Nuclear Waste Partnership President Phil Breidenbach is set to depart after two years of shepherding the company’s drive to reopen the Waste Isolation Pilot Plant, and the Energy Department is sending him away with a final set of good marks in the contractor’s latest annual review.
Nuclear Waste Partnership (NWP) nabbed $11.3 million in award fees for fiscal 2016: good for 84 percent of the total amount available.
There were some swings and misses in that final scorecard, to be sure: NWP left $750,000 on the table because it did not downgrade Panel 7 — the area of WIPP contaminated by radiation in 2014 — to a “Contamination Area” from a “High Contamination Area,” according to the report.
DOE also dinged NWP for rising mine-safety citations from the federal Mine Safety and Health Administration, which periodically inspects WIPP. There were 60 violations in 2016, and “[s]everal of the citations were repeat violations and a number of the 60 citations were of higher significance” than those issued in fiscal 2015, DOE wrote.
In addition, some WIPP miners complained to DOE’s local Carlsbad Field Office that NWP was not addressing their professional concerns about the site’s structural integrity, known in mining jargon as ground-control.
Nevertheless, DOE gave its contractor credit, and the fees that go with it, for one of the biggest news stories in the weapons complex last year: maintaining “the availability of the Waste Isolation Pilot (WIPP) at a high enough level and completed activities in fiscal year (FY)2016 to support recovery and readiness to resume transuranic (TRU) waste disposal operations in FY2017.”
That included plowing through almost 150 of the corrective actions prescribed by an Accident Investigation Board in the wake of the 2014 underground truck fire and radiation release that closed the mine, and generally improving WIPP’s safety culture.
Breidenbach is set to leave NWP on June 10, to be replaced by Bruce Covert: an executive with one of NWP’s parent companies, Los Angeles-based AECOM.
That would leave Covert holding the reins when it comes time for DOE to pick up, or not pick up, the first of two options on NWP’s Waste Isolation Pilot Project Management and Operating Contract. The first option is for a one-year period that would begin Oct. 1 after the end of what has been a tumultuous five-year base period.
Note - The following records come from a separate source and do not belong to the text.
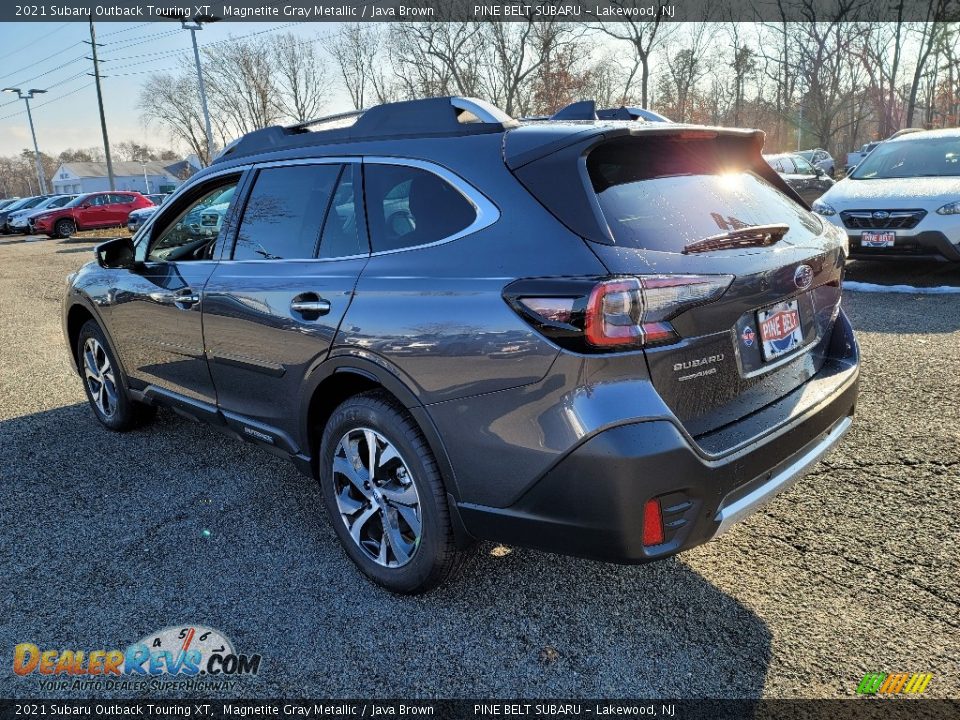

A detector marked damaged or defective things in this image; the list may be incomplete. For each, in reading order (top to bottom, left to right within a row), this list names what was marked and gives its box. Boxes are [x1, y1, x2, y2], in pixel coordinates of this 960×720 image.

cracked pavement [0, 239, 956, 700]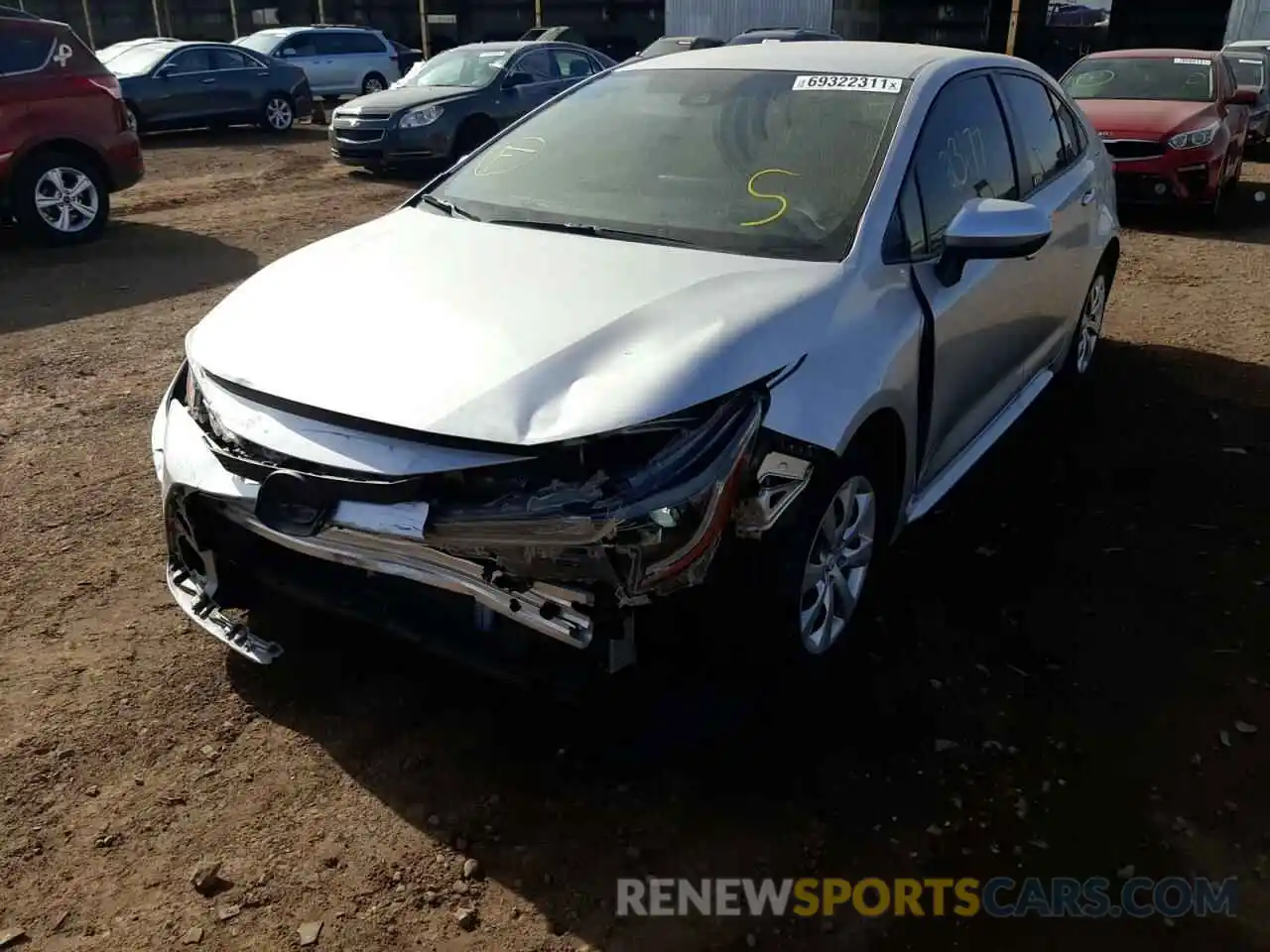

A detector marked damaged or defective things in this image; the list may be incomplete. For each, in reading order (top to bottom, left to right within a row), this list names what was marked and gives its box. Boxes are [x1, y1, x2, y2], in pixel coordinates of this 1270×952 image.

dented hood [187, 208, 841, 446]
damaged silver sedan [151, 39, 1119, 678]
crumpled front bumper [149, 369, 762, 666]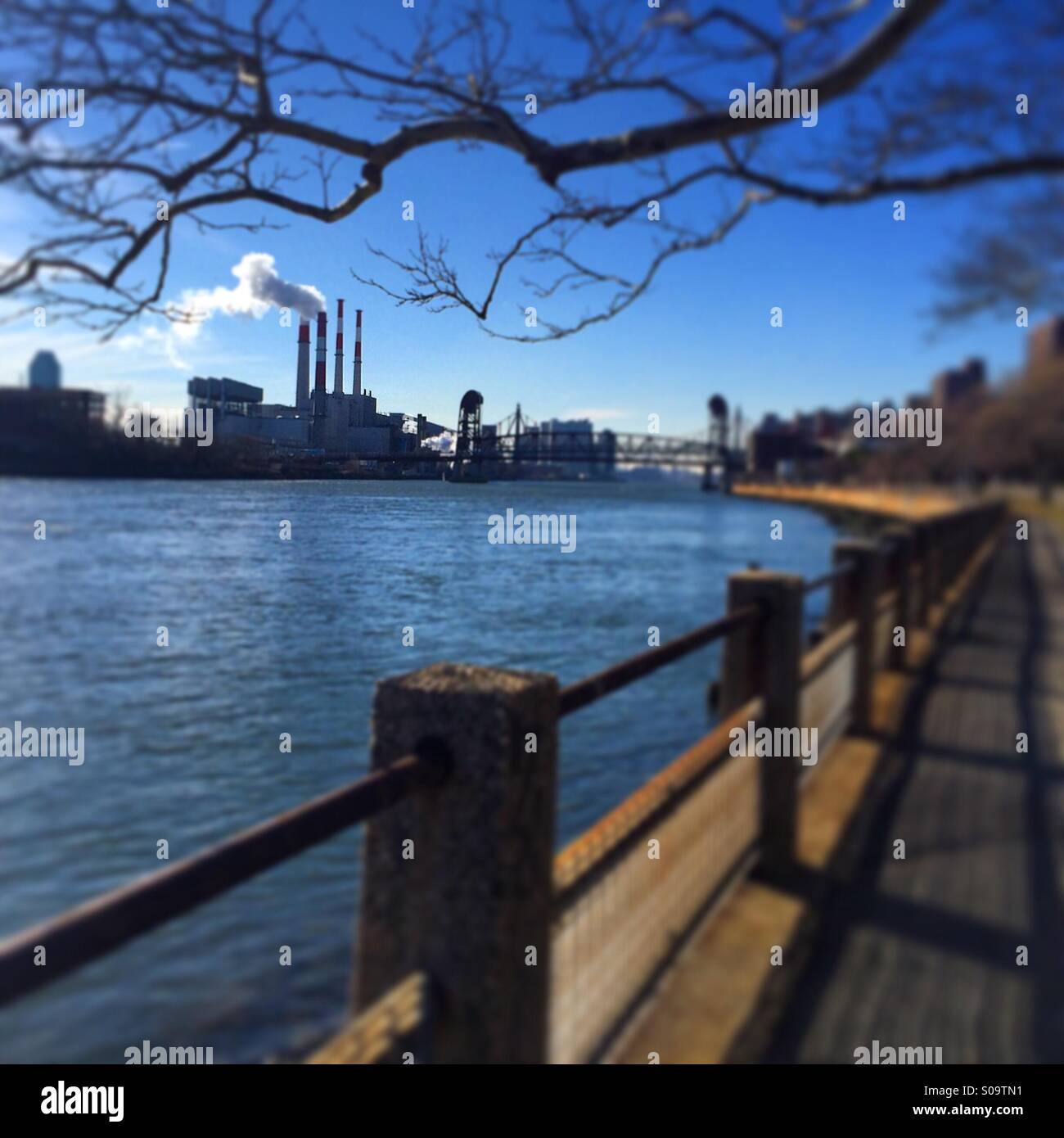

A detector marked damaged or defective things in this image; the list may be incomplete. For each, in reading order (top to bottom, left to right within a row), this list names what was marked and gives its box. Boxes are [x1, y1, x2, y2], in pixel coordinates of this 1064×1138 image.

The whole contract, including the five-year base, the one-year option coming due, and a second option that would carry the contract four more years through to its end date on Sept. 30, 2022, would be worth about $2 billion over 10 years.
DOE has not disclosed the value of the one-year option; when the agency awarded the contract in 2012, it contained only a single five-year option that was worth about $666 million.
Meanwhile, details about the shipments rolling into WIPP are starting to drizzle into the public sphere. So far — and with the caveat that the sample size is extremely small — the mine is off to the slow-and-steady start NWP and DOE forecast late last year when the facility officially reopened after the 2014 accidents.
Records maintained at the recently reactivated Waste Data System/WIPP Waste Information System show that, at least in the month of April, DOE is pacing about two shipments per week to WIPP.
The mine took delivery of three shipments from the Idaho National Laboratory and two from the Savannah River Site in South Carolina last month. That actually comes out to a little under two a week, but more shipments are said to have arrived at WIPP since the latest publicly acknowledged receipt; these reportedly include some transuranic waste from the Los Alamos National Laboratory that had been temporarily stored at a private facility in West Texas.
DOE does not officially acknowledge receipt of a shipment until two weeks after that waste is buried underground.
In the near term, at least, there are signs that WIPP will continue to enjoy support from Congress, even though the Trump administration’s feelings about the mine are not totally clear yet.
While the White House has not yet indicated its funding plans for WIPP — those will come in the fiscal 2018 budget request expected to drop May 22 — the 2017 spending bill signed last week included a threefold increase, to $30 million or so, for a new exhaust shaft: a critical part of the new ventilation system DOE and NWP plan at the mine. Restoring underground ventilation to pre-accident levels is essential to meeting WIPP’s long-term goal of interring 37,723 shipments by the 2034 end of the mine’s legally authorized life.
NWP and DOE are mulling extending the mine’s operational life for decades beyond that point. Planning for that extension is part of the company’s contract, and netted NWP $250,000 in fees in fiscal 2016 for “developing an overarching vision and strategy for WIPP to achieve its operational lifetime through FY 2050 with both near term and long term operational activities and projects.”
The contractor and local DOE officials in Carlsbad, N.M., had their opportunity to share those plans with new Energy Secretary Rick Perry week, when the former Texas governor visited the mine as part of his listening tour of DOE nuclear sites.